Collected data

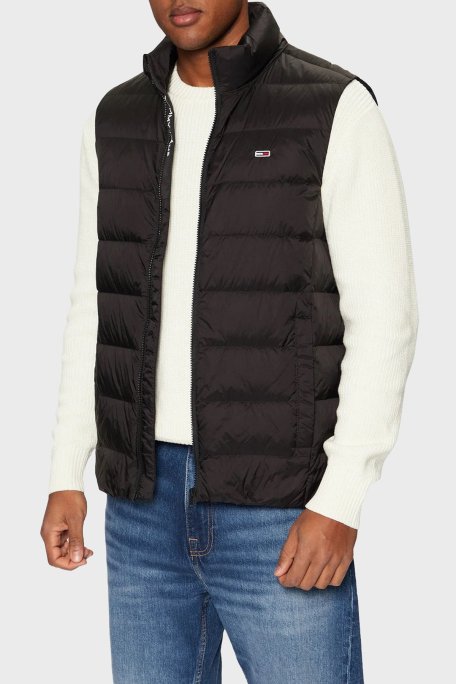 Tommy Jeans Regular Fit Dik Yaka Kapitoneli Şişme Erkek Yelek DM0DM20663 BDS SİYAH - Tommy Jeans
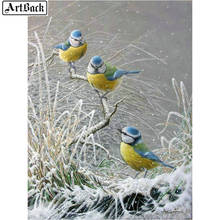 ARTBACK Diamond Painting Sparrow Winter Landscape 5d Full Square/round Diamond Mosaic Animal Crafts Embroidery Sticker Home Deco 2024 - buy cheap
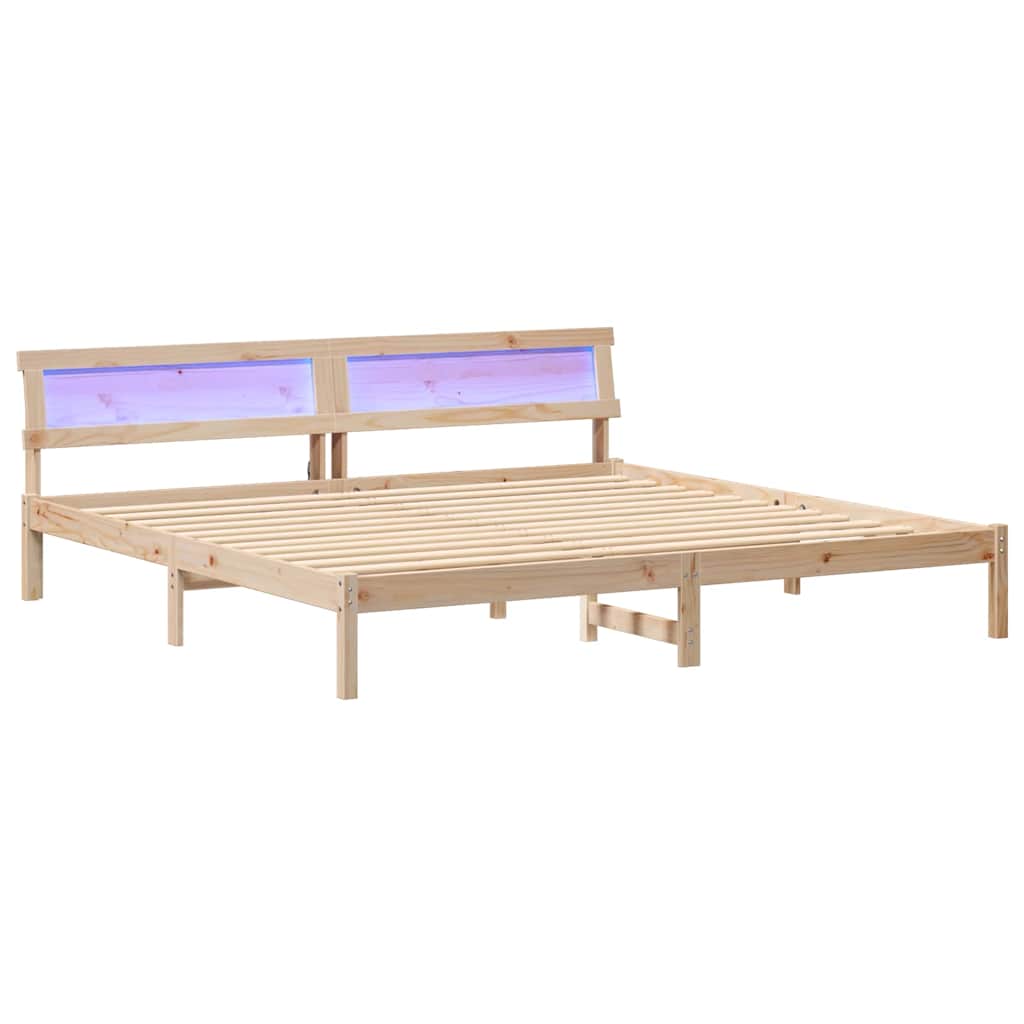 vidaXL Ramka łóżka Brązowy 180 x 200 cm Lite drewno sosnowe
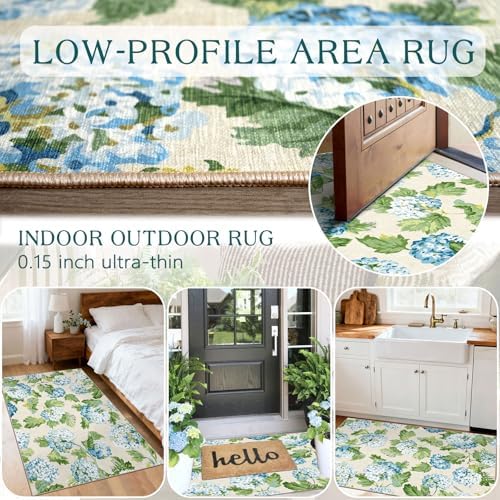 Floral Outdoor Rug - 28"x43" Front Door Mat Indoor Outside Entrance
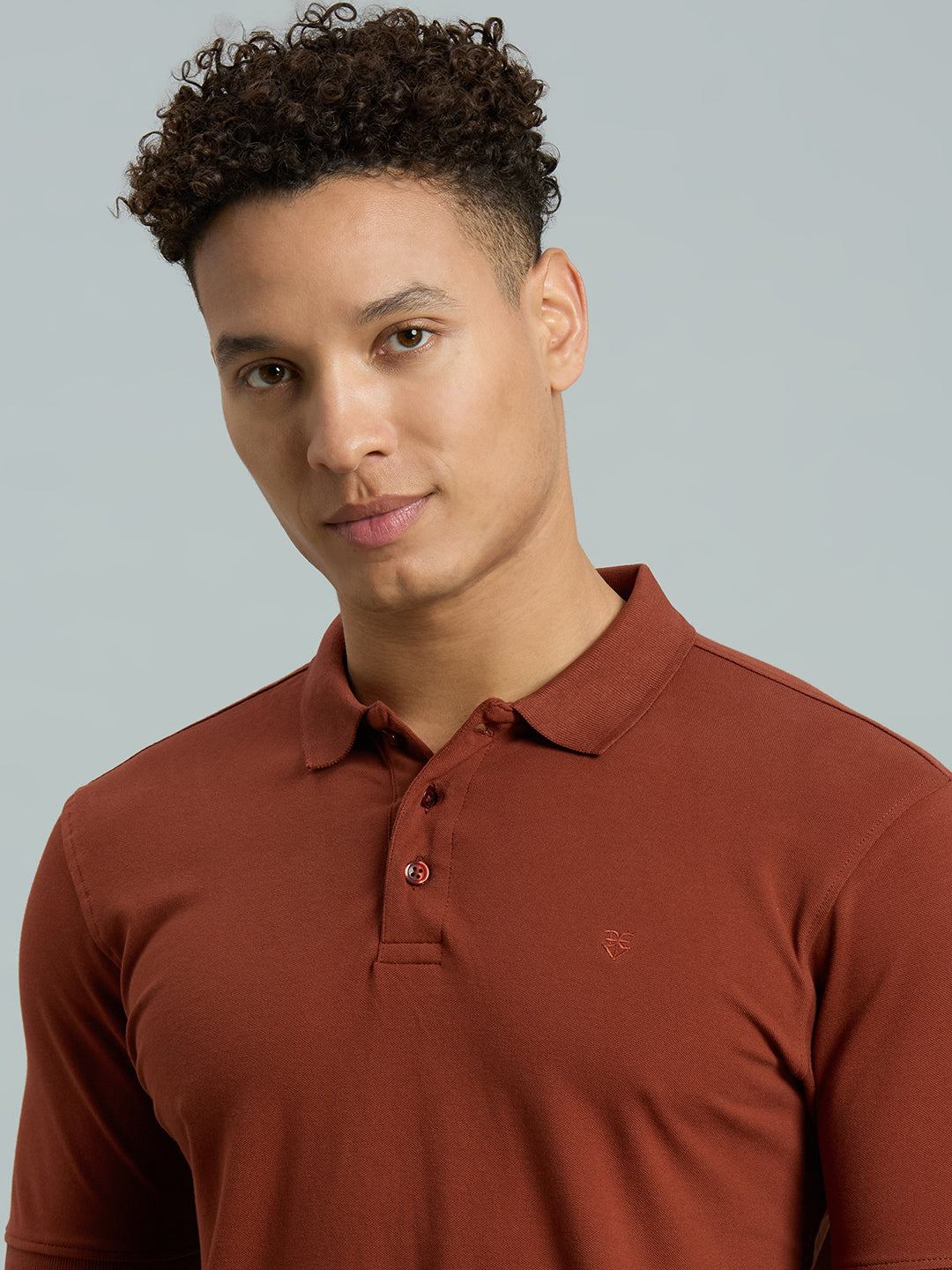 Rust Pq Cotton Spandex Slim Fit Casual Half Sleeve T-Shirt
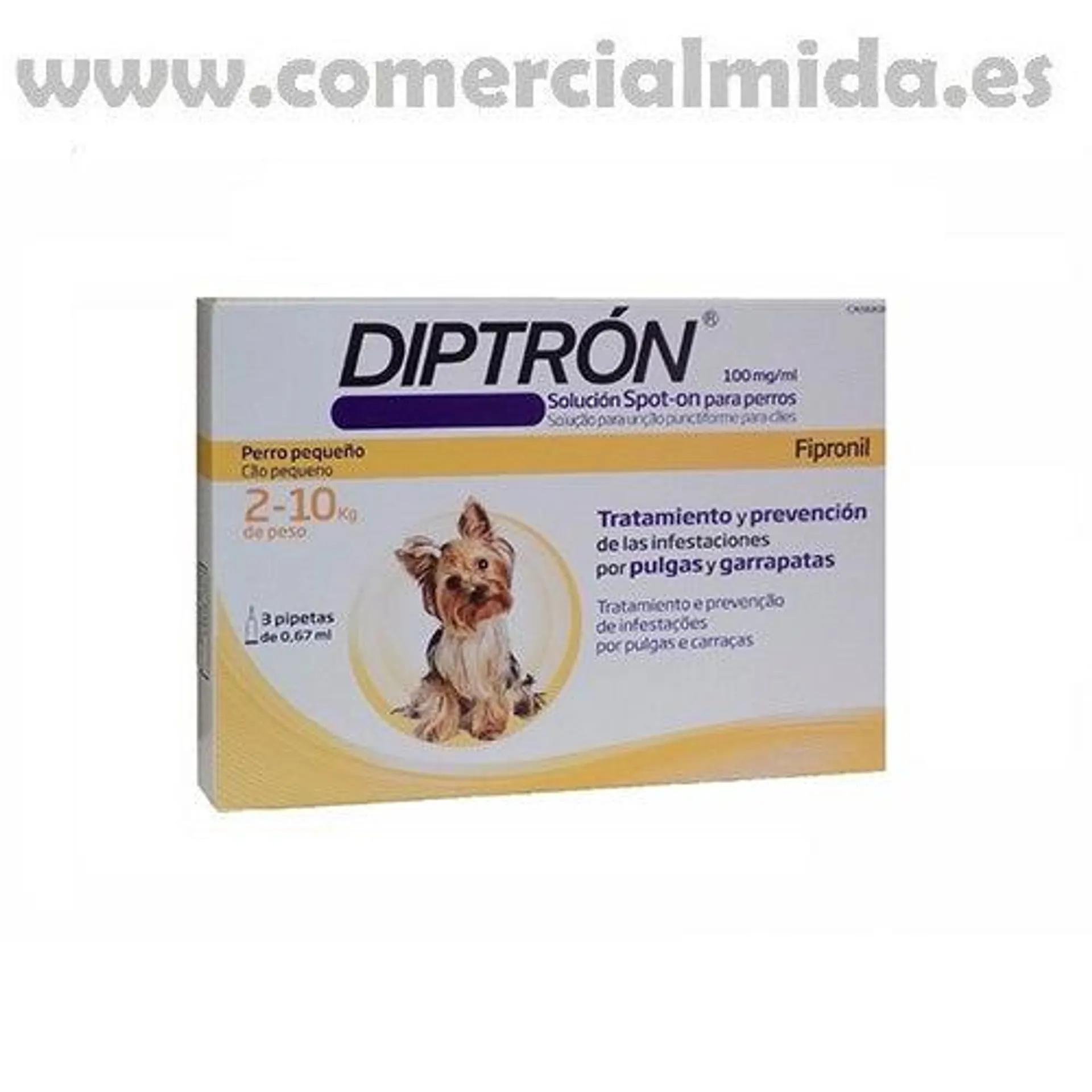 Pipetas DIPTRON para perros 2-10 Kg anti pulgas y garrapatas
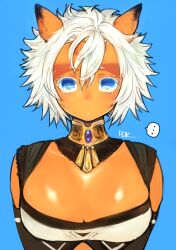 Rule 34 | ..., 1girl, adventurer (ff11), animal ears, blue background, blue eyes, breasts, cat ears, cat girl, cleavage, closed mouth, colored eyelashes, doraeshi, final fantasy, final fantasy xi, frown, hair between eyes, highres, large breasts, looking at viewer, mithra (ff11), short hair, simple background, solo, speech bubble, spoken ellipsis, straight-on, upper body, white hair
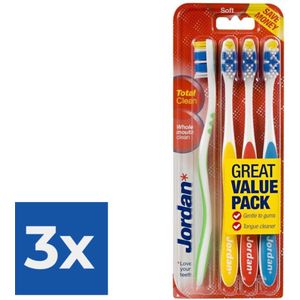 Jordan - Total Clean Tandenborstels Soft - 4 stuks - Voordeelverpakking 3 stuks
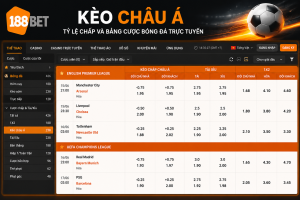 Giao diện kèo Châu Á 188BET hiển thị tỷ lệ chấp và bảng cược bóng đá trực tuyến.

Exercise brief.
Retyping should start at the first line of the data above and stop after the line with "vidaXL Ramka łóżka", and no picture should be included.

Response box.
 Tommy Jeans Regular Fit Dik Yaka Kapitoneli Şişme Erkek Yelek DM0DM20663 BDS SİYAH - Tommy Jeans
 ARTBACK Diamond Painting Sparrow Winter Landscape 5d Full Square/round Diamond Mosaic Animal Crafts Embroidery Sticker Home Deco 2024 - buy cheap
 vidaXL Ramka łóżka Brązowy 180 x 200 cm Lite drewno sosnowe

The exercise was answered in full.